#### [WHAT THE EXERCISE ASKS]
Give back the whole listing exactly as written, pictures excluded.

#### [MATERIAL FOR THE TASK]
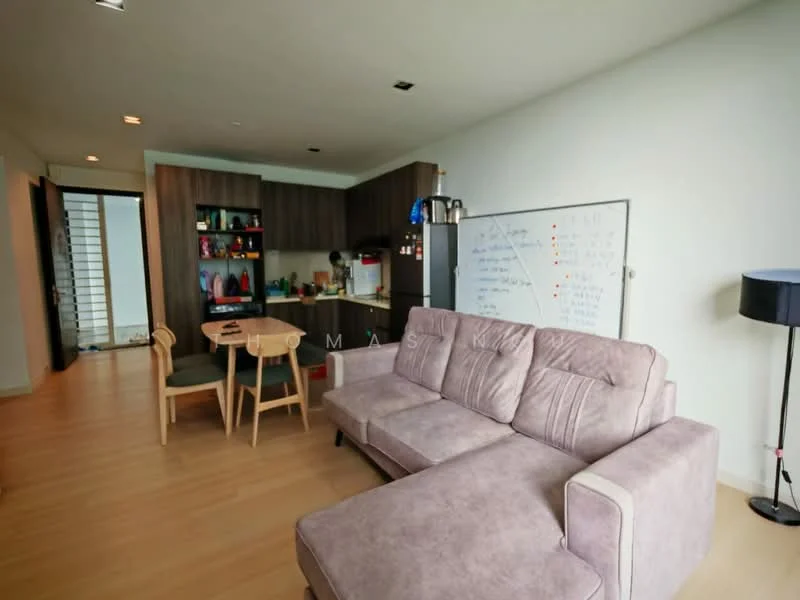 Living features: 3-seater fabric sofa in light grey, wooden dining table with 4 chairs, kitchenette with dark wood cabinetry, stainless-steel fridge, built-in oven, microwave, open shelving with colorful dishware, light wood flooring, recessed downlights, wall-mounted whiteboard, floor-to-ceiling windows, black floor lamp; style: modern.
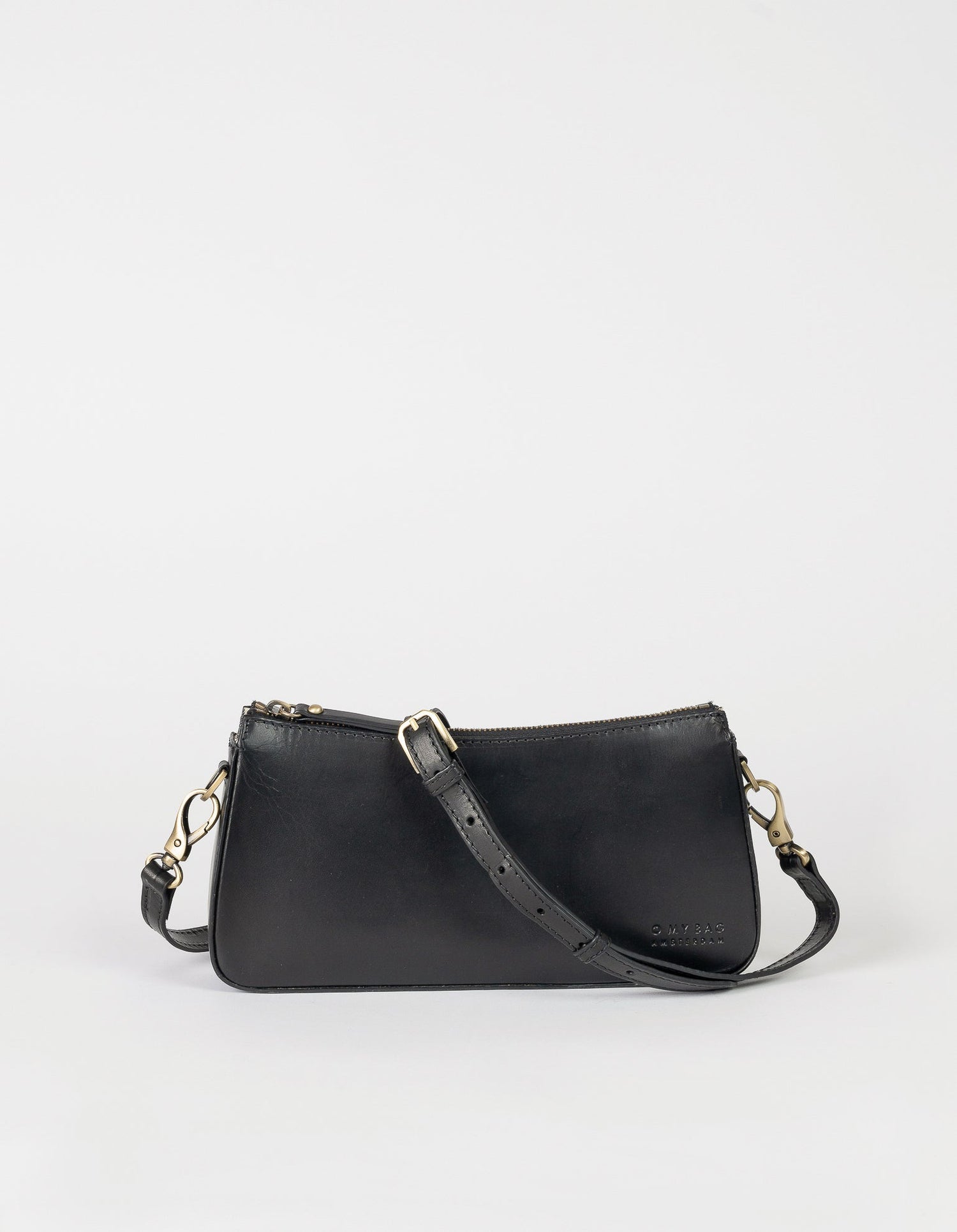 A bag that gives you an irreplaceable look and feel of a fun night out? Here she is! Small but mighty, Taylor has a compact and convenient design optimized to fit your most important belongings. She comes with one short strap and one long adjustable strap for a crossbody look. Made in India.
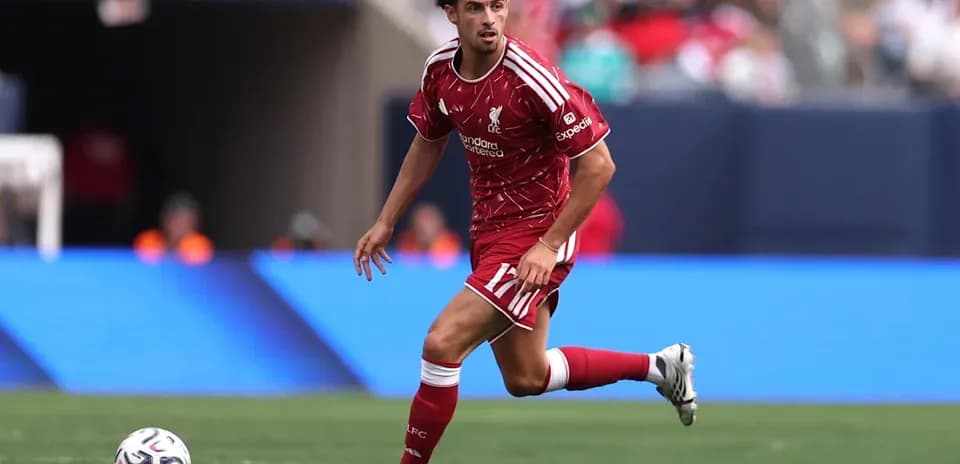 Player in Liverpool kit dribbling ball on field
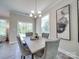 Bright dining room with gray chairs and art at 574 Altamonte Dr, Clover, SC 29710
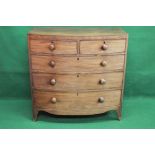 Mahogany bow fronted chest of drawers having two short and three long graduated drawers with turned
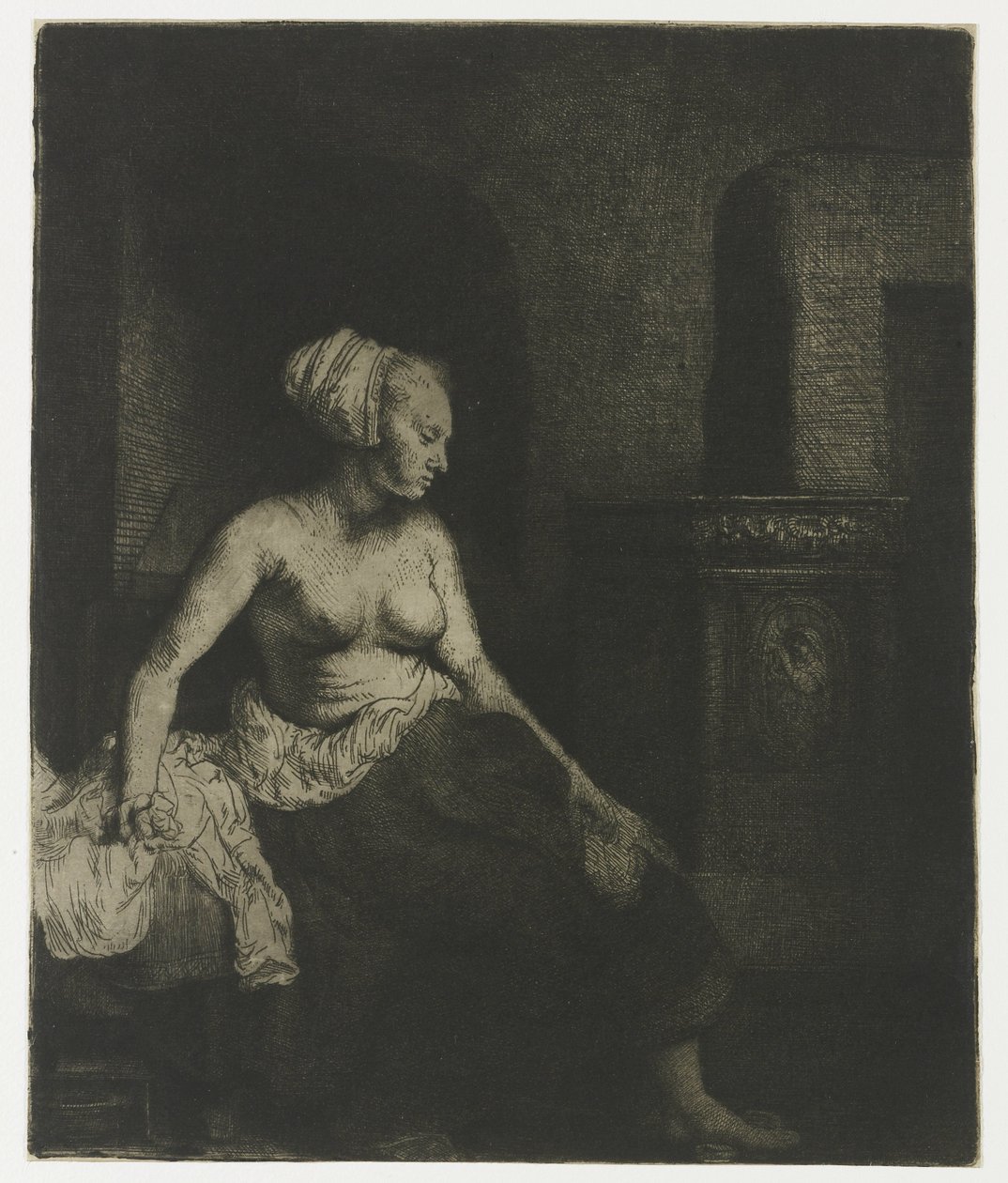 Kvinna som sitter halvklädd bredvid en spis Kvinna som sitter halvklädd bredvid en spis av Rembrandt van Rijn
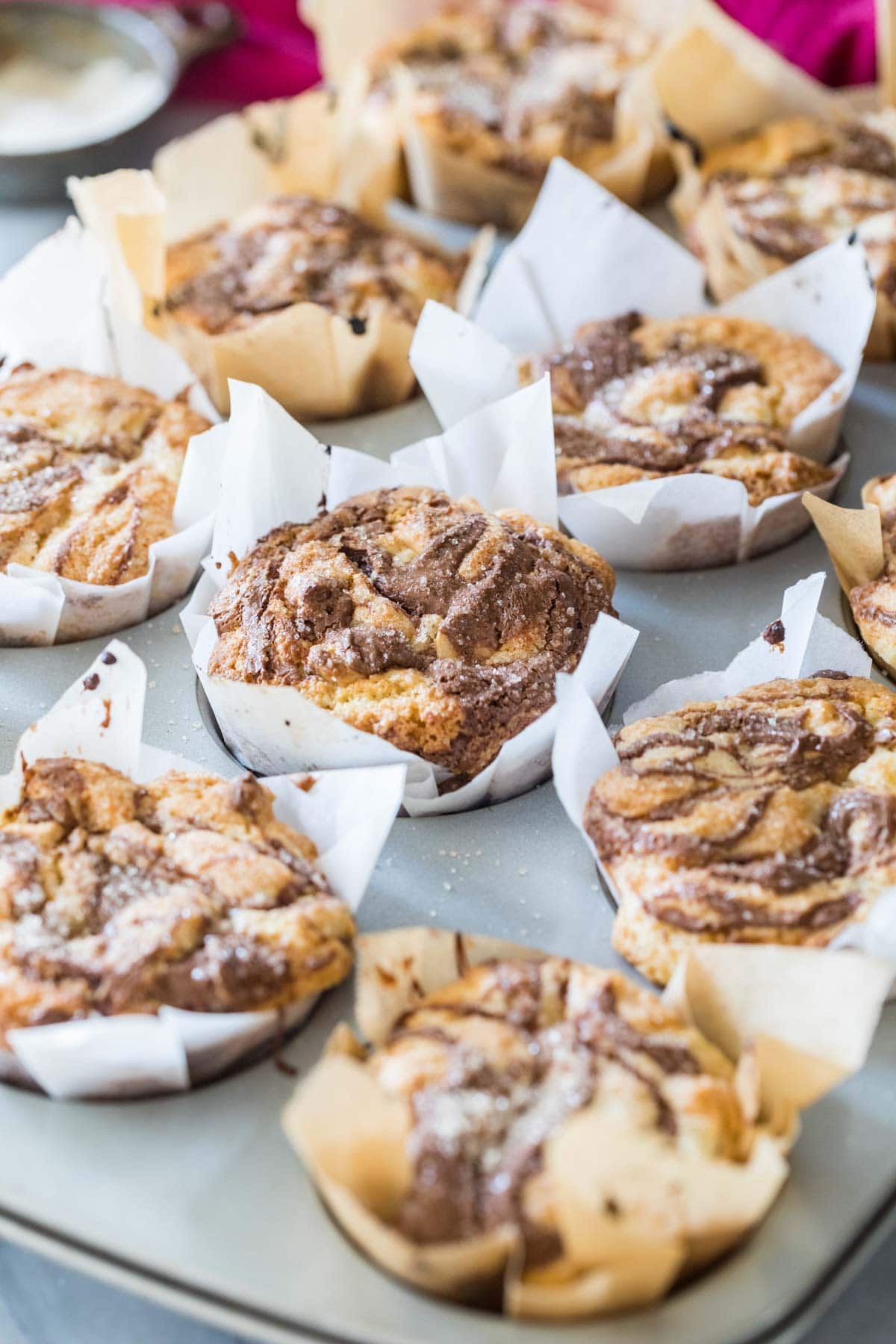 Muffins with swirled chocolate tops in their muffin tin.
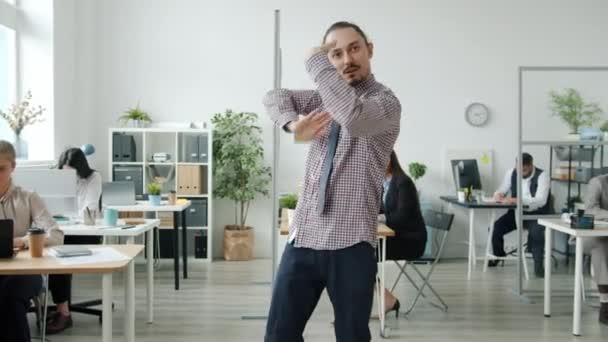 Zabawny pracownik tańczy w biurze, a potem dołącza do niego drużyna biznesowa. — Wideo stockowe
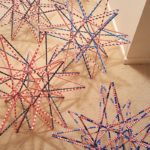 series of straw stars pictured on the floor, all with patriotic red/white/blue color themes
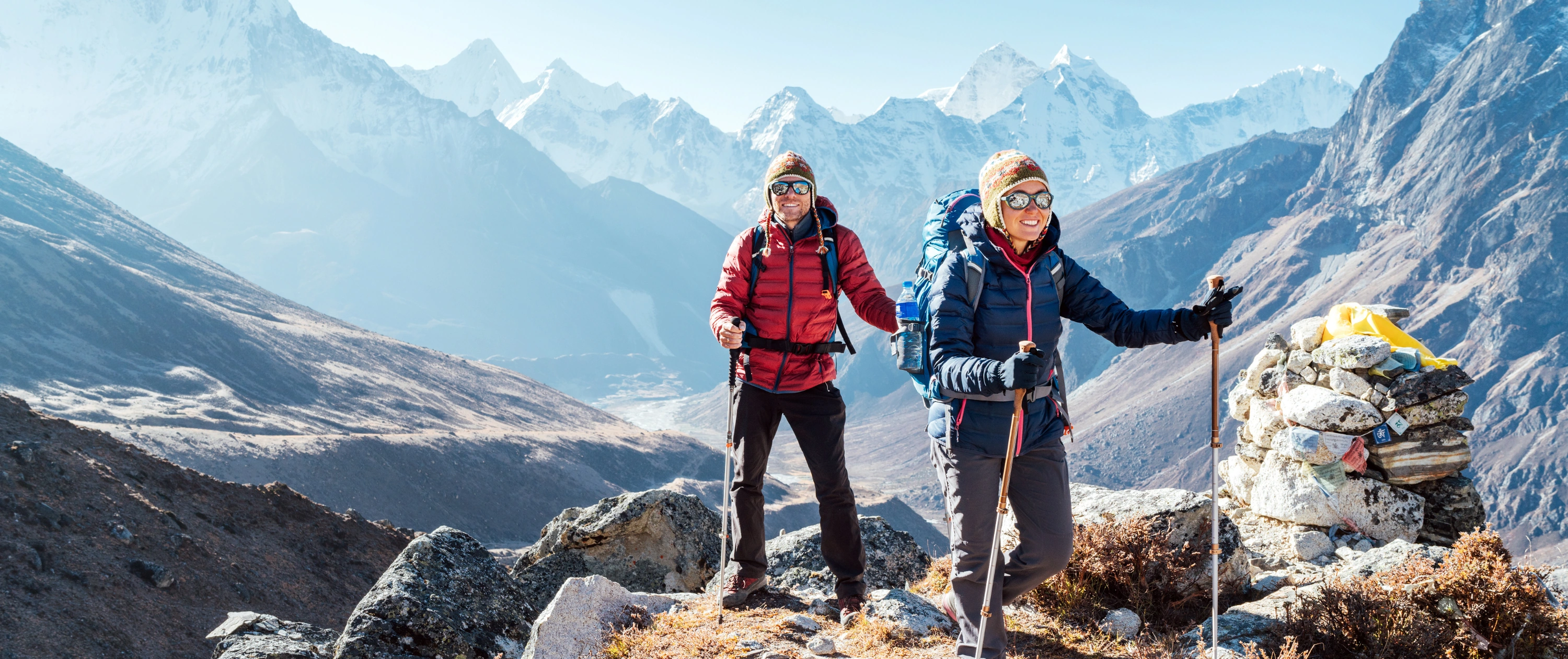 Man and woman trekkers with backpacks and poles on the EBC trek, Nepal.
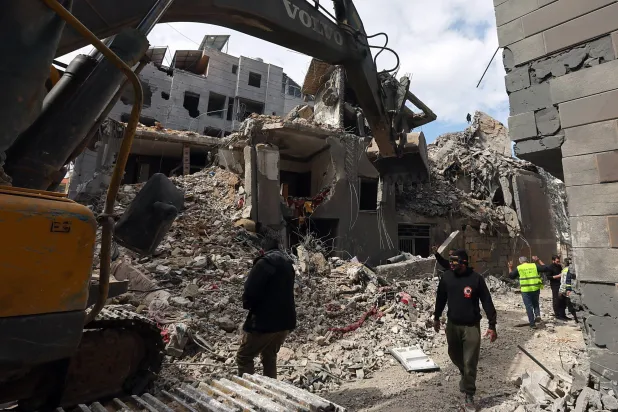 جرافة تزيل أنقاض مبنى دمرته غارات إسرائيلية على ضاحية بيروت الجنوبية (إ.ب.أ)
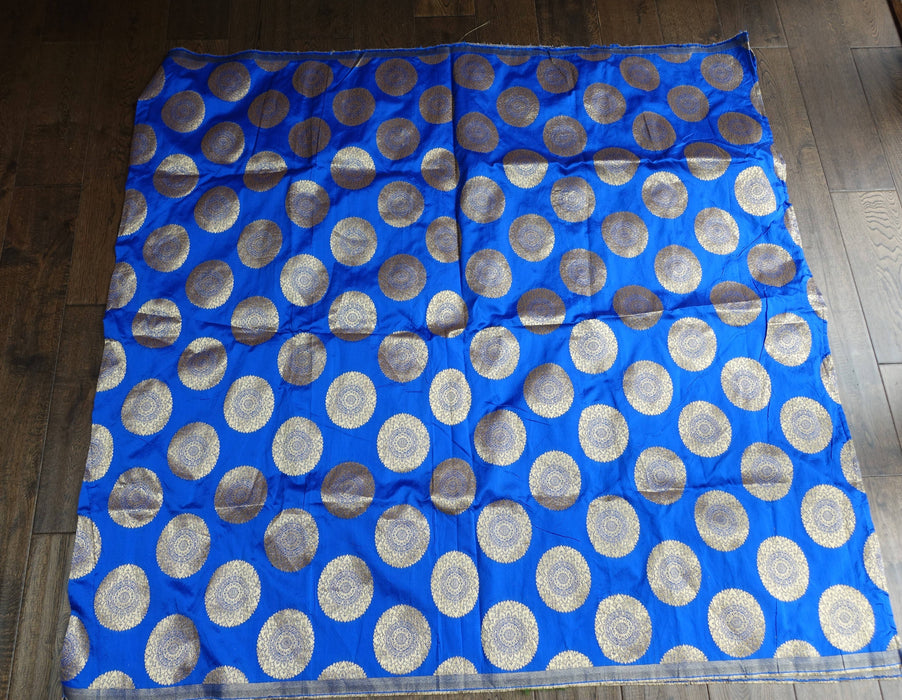 A royal blue fabric, It features a repeating pattern of large, metallic silver circular medallions with intricate gold and silver woven details.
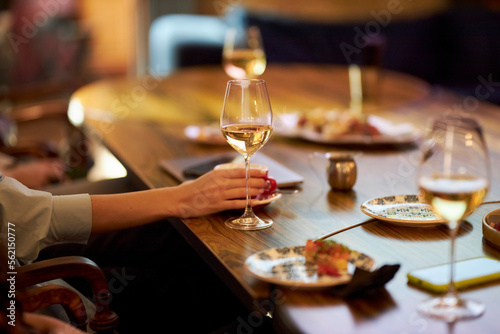 The girl holds a glass in her hand. Champagne. A party 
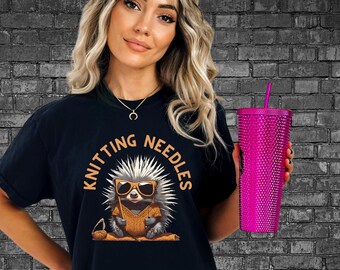 Op de afbeelding: Zwart t-shirt met een afbeelding van een egel met een zonnebril en een trui, met de tekst "Knitting Needles" in een cirkel. Een roze beker is ook zichtbaar.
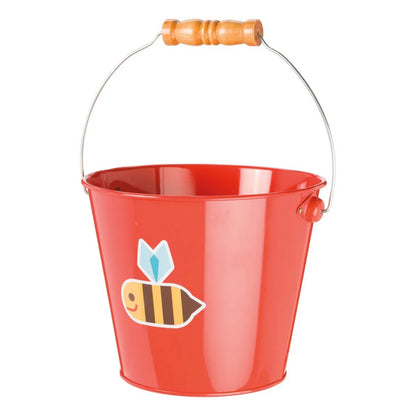 Red pail with a bee design and wooden handle on a white background
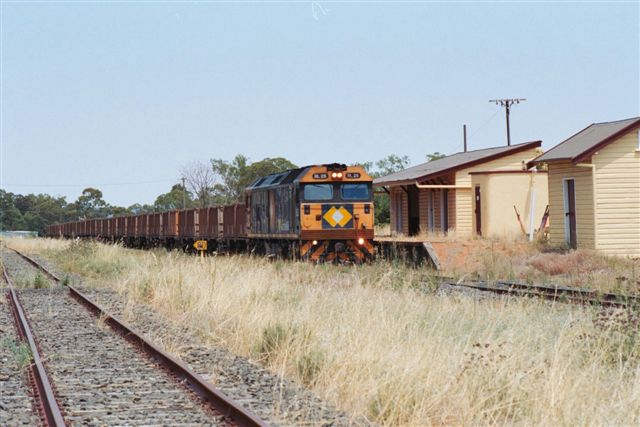 
An NR locomotove heads an ore train through the station.
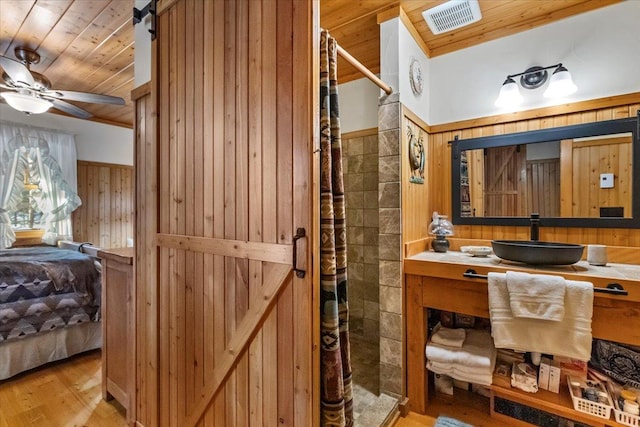 192 Crystal Lakes Dr, Eureka, MT 59917 - ensuite bathroom with wood ceiling, tiled shower, wood walls, wood finished floors, and vanity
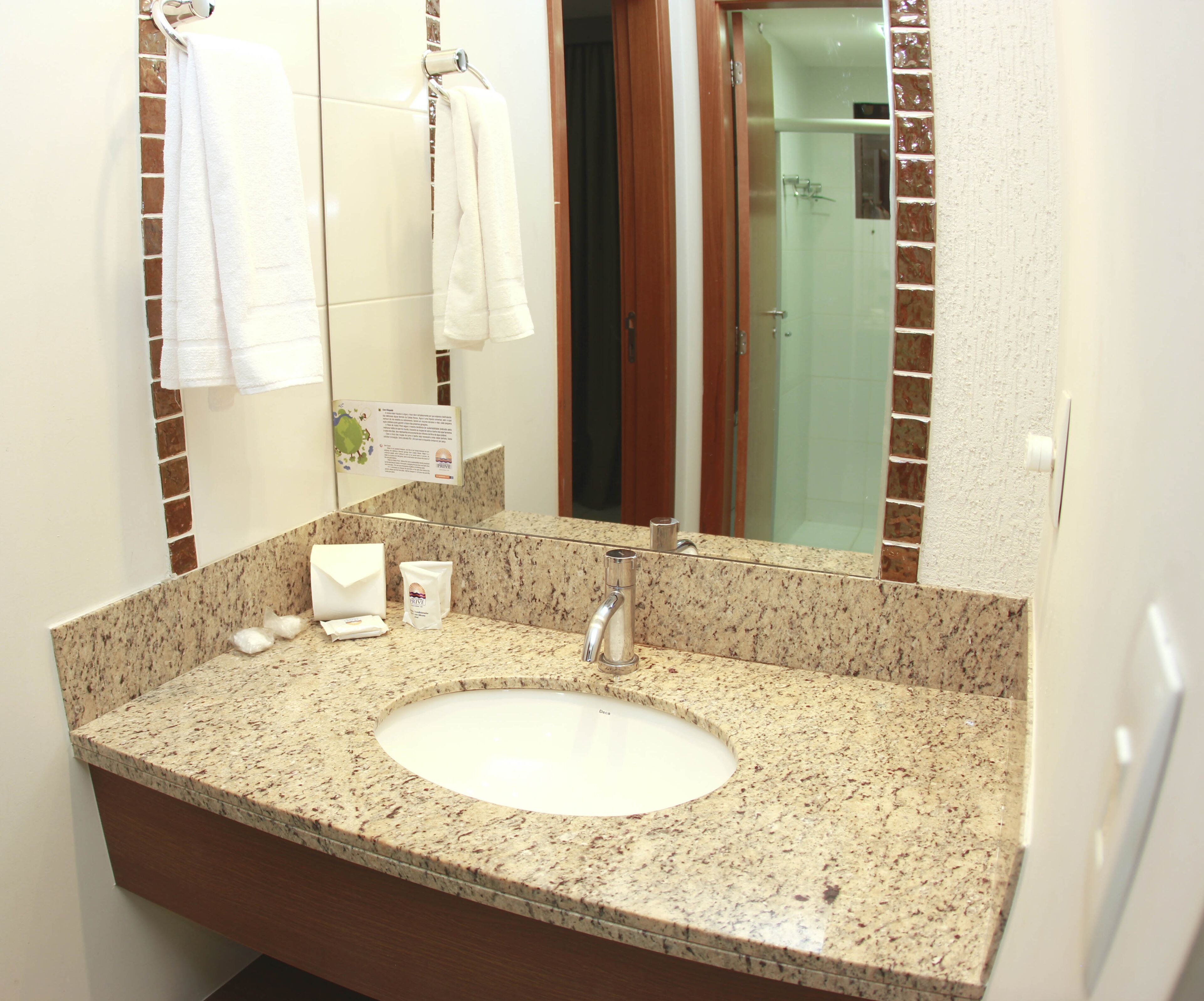 A bathroom with a granite countertop sink, a mirror, and a shower visible through an open door.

#### [REPLY]
 Living features: 3-seater fabric sofa in light grey, wooden dining table with 4 chairs, kitchenette with dark wood cabinetry, stainless-steel fridge, built-in oven, microwave, open shelving with colorful dishware, light wood flooring, recessed downlights, wall-mounted whiteboard, floor-to-ceiling windows, black floor lamp; style: modern.
 A bag that gives you an irreplaceable look and feel of a fun night out? Here she is! Small but mighty, Taylor has a compact and convenient design optimized to fit your most important belongings. She comes with one short strap and one long adjustable strap for a crossbody look. Made in India.
 Player in Liverpool kit dribbling ball on field
 Bright dining room with gray chairs and art at 574 Altamonte Dr, Clover, SC 29710
 Mahogany bow fronted chest of drawers having two short and three long graduated drawers with turned
 Kvinna som sitter halvklädd bredvid en spis Kvinna som sitter halvklädd bredvid en spis av Rembrandt van Rijn
 Muffins with swirled chocolate tops in their muffin tin.
 Zabawny pracownik tańczy w biurze, a potem dołącza do niego drużyna biznesowa. — Wideo stockowe
 series of straw stars pictured on the floor, all with patriotic red/white/blue color themes
 Man and woman trekkers with backpacks and poles on the EBC trek, Nepal.
 جرافة تزيل أنقاض مبنى دمرته غارات إسرائيلية على ضاحية بيروت الجنوبية (إ.ب.أ)
 A royal blue fabric, It features a repeating pattern of large, metallic silver circular medallions with intricate gold and silver woven details.
 The girl holds a glass in her hand. Champagne. A party 
 Op de afbeelding: Zwart t-shirt met een afbeelding van een egel met een zonnebril en een trui, met de tekst "Knitting Needles" in een cirkel. Een roze beker is ook zichtbaar.
 Red pail with a bee design and wooden handle on a white background
An NR locomotove heads an ore train through the station.
 192 Crystal Lakes Dr, Eureka, MT 59917 - ensuite bathroom with wood ceiling, tiled shower, wood walls, wood finished floors, and vanity
 A bathroom with a granite countertop sink, a mirror, and a shower visible through an open door.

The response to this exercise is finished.